Poker has taken many different forms over the years, with Texas Hold’em currently holding its place as the crowned king. But what of the lesser known forms of poker, those which still have plenty of players but are yet to take off in the same astronomical manner as the most popular? In this article, we want to take a look at Chinese poker and hopefully introduce new players to some of the fun and opportunities that this game represents.
Understanding the Basics
Chinese poker is one of those games we wish we had known about when we first started our poker careers. Not only does it involve some of the key aspects of many other forms of poker, it does so in an environment that is incredibly welcoming to the uninitiated.
The game itself is easily played with two to four players and a single deck of cards. Going in, the only real knowledge required is that of traditional poker hands, which many of us internalised long before we played our first real money game. To begin, each player is dealt 13 cards, which are then to be separated into three sets.
These sets are the top, middle, and bottom. The top set of cards requires only three cards, while the middle and bottom require five each. The rules here state that the bottom set must be of the highest worth, the middle must be the next highest worth, and the top set must have the lowest overall worth. While there are other rules as can be found in this Chinese poker guide, these are the most fundamental components against which the other hands are measured.

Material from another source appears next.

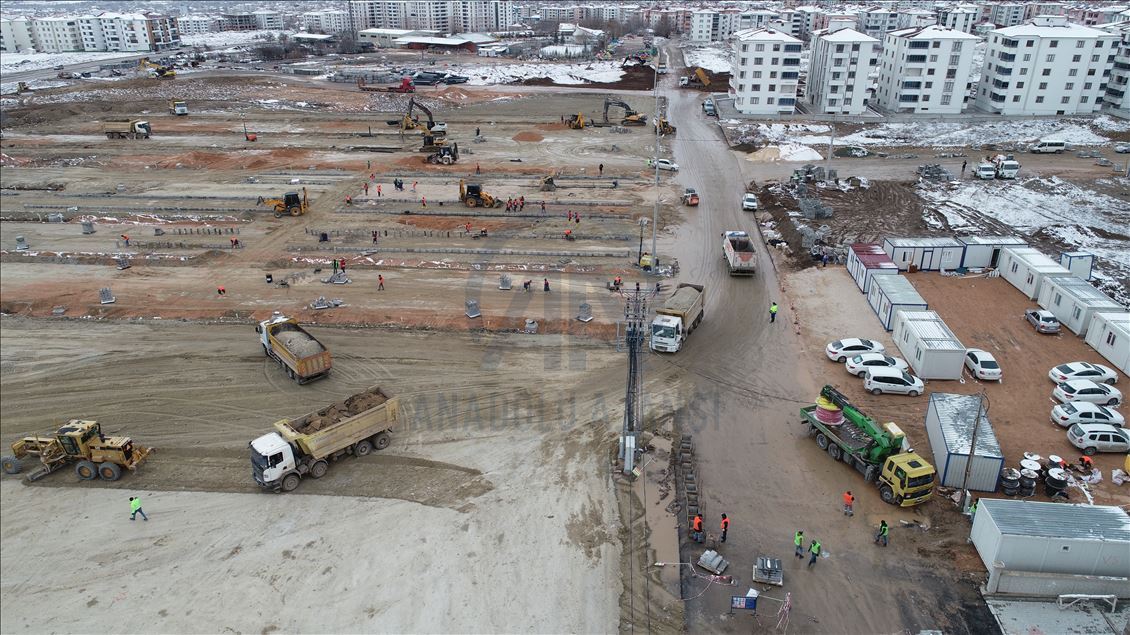 Elazığ'da depremzedelerin yaraları sarılıyor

It should also be noted that, unlike in traditional poker, there is no betting or bluffing, which can often be inhibiting factors for newer players, especially those unfortunate enough to face off in their early games against sharks.
A Little Backstory
As is the case with many forms of poker, the origins of Chinese poker are not fully understood and are thought to have been lost in the annals of time. There are hints and rumours, however, which point to a game of distinctly Chinese foundation. The first of these ideas is that the game is one which is based on the Chinese game of pai gow, a more established gambling pursuit dating back nearly a thousand years.

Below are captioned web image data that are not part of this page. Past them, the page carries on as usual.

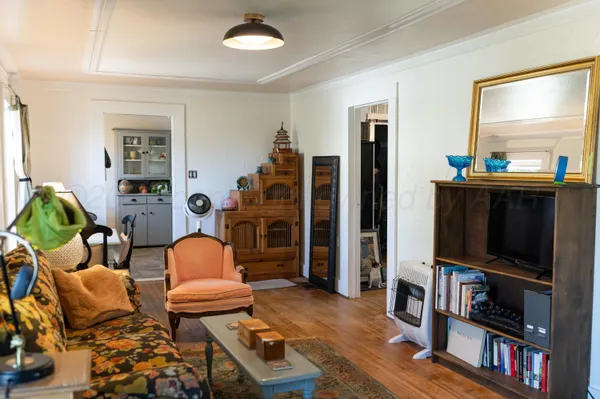 $98,000 | 205 South Main Street, Wheeler, TX 79096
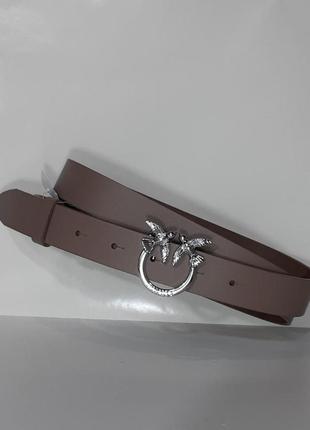 Ремінь жіночий сіро-коричневий завширшки 30 мм зі сріблястою пряжкою 02.069.077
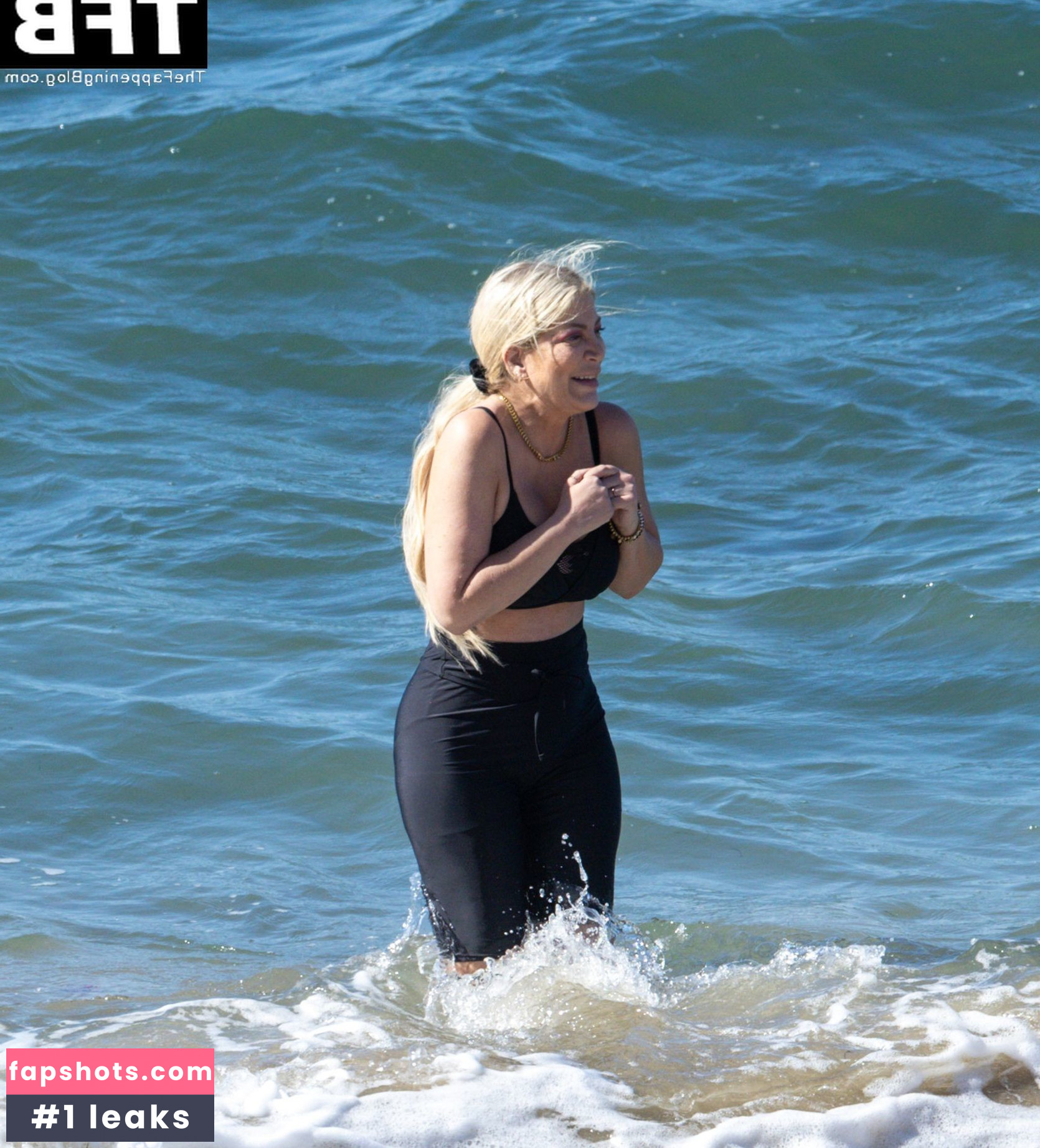 Tori Spelling Nude Leaks OnlyFans Photos #56 - LeakJerk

Other ideas state that the game is more of a combination of these early versions and Western poker games. This is based on the thought that Chinese poker was created by Chinese labourers who, upon reaching the United States, saw fit to create a game which borrowed elements from both sides of the world.

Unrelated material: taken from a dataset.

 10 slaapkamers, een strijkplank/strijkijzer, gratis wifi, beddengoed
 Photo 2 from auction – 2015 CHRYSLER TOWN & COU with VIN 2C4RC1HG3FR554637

The game did eventually see an entry into the World Series of Poker in 1995 but it failed to take root at first entry and was eventually dropped. Despite this, its initial success and visibility inspired a fan base and popularity which persist to this day.
The Who’s Who
With less of a directly competitive environment and one which is less visible than its more established counterparts, it is only natural that Chinese poker doesn’t quite measure up to the likes of Texas Hold’em when it comes to star power. That said, there is still a wide range of professionals who are fans of this particular incarnation.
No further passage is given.